At present, molecular targeted therapy has been widely developed, targeting driver oncogenes (essential proto-oncogenes). The driver oncogene is a proto-oncogene having a genetic mutation that is considered to cause a mutation (e.g., point mutation, small deletion, insertion or translocation, amplification, etc.) specific to cancer cells and to become a main cause of cancer development. Accordingly, a technique of developing a drug that targets such a driver oncogene and suppresses the function thereof has been demonstrated to be a method extremely effective for the development of a specific remedy for cancer patients. Examples of such a specific remedy include: Iressa exhibiting drastic effectiveness for lung cancer patients with mutated EGFR; Trastuzumab effective for patients with breast cancer derived from high expression of HER2; and Imatinib that is an activity inhibitor for the fusion protein BCR-ABL.
The genetic mutations of such driver oncogenes are divided into two types; namely, (1) changes in gene sequences (point mutation, chromosomal translocation, deletion and/or insertion) (or such deletion or translocation mutation includes a mutation, in which SNP (single nucleotide polymorphism) becomes monoallelic or homoallelic in tumor cells, although it becomes heteroallelic in normal cells); and (2) changes in gene copy numbers (i.e., increases in gene expressions). As driver oncogenes having the above mutation (1), RAS, KRAS, HRAS, NRAS, BCR-ABL, EGFR, c-KIT, BRAF, PI3K, ALK, PIK3CA, FLT3, MET, BCL2, EML4-ALK, APC, BRCA1/2, TP53, MSH2, MLH1, MSH6, PMS2, RB1, PTEN, VHL, P16, MEN1, RET, CDH1, STK11, and PTCH have been known. As driver oncogenes having the above mutation (2), Her2/neu, EGFR, MYC, MYCN, MET, etc. have been known. Other driver oncogenes have been registered in cancer gene mutation database (COSMIC [Catalogue of somatic mutations in cancer], etc).
To date, the development of drugs that specifically target the mutated sites of driver oncogene products has been frequently carried out.
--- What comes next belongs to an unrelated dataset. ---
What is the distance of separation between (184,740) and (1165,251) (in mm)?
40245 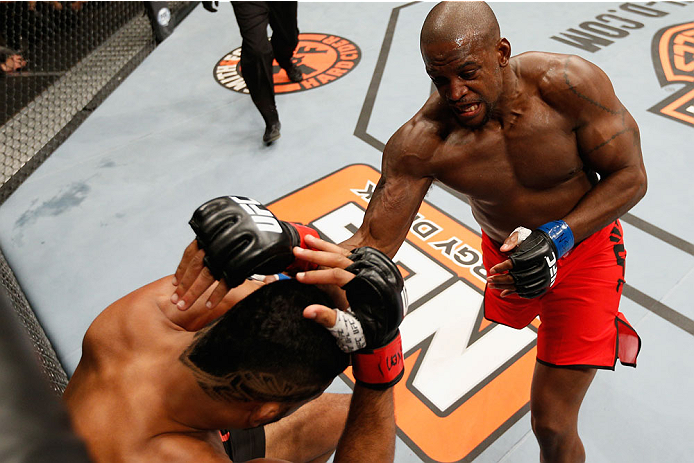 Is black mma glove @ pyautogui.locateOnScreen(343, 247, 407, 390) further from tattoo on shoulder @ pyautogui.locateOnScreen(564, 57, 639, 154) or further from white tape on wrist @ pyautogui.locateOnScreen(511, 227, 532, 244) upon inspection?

However, such a drug may also suppress the function of a normal gene product needed by normal cells, and a drug of interest has not yet been developed under the current circumstances.
It has been reported that pyrrole-imidazole polyamide (PIP) is an artificial small molecule developed using the antibiotic distamycin as a motif, and that PIP sequence-specifically binds to a minor group of double-stranded DNA. There have been many reports on studies regarding suppression of the gene expression of a target sequence by PIP. Moreover, the use of PIP as a drug candidate used for renal impairment, an anticancer agent, or a therapeutic agent for corneal injury, hyperplastic scar, bone disease, etc. has been studied based on animal experiments using mice. Furthermore, in recent years, also in the study of iCeMs, which is an iPS cell project conducted by Kyoto University as a part of studies regarding iPS cells, induction of iPS cells by PIP has been studied. Thus, PIP is an organic small molecule, regarding which various successful study results are expected.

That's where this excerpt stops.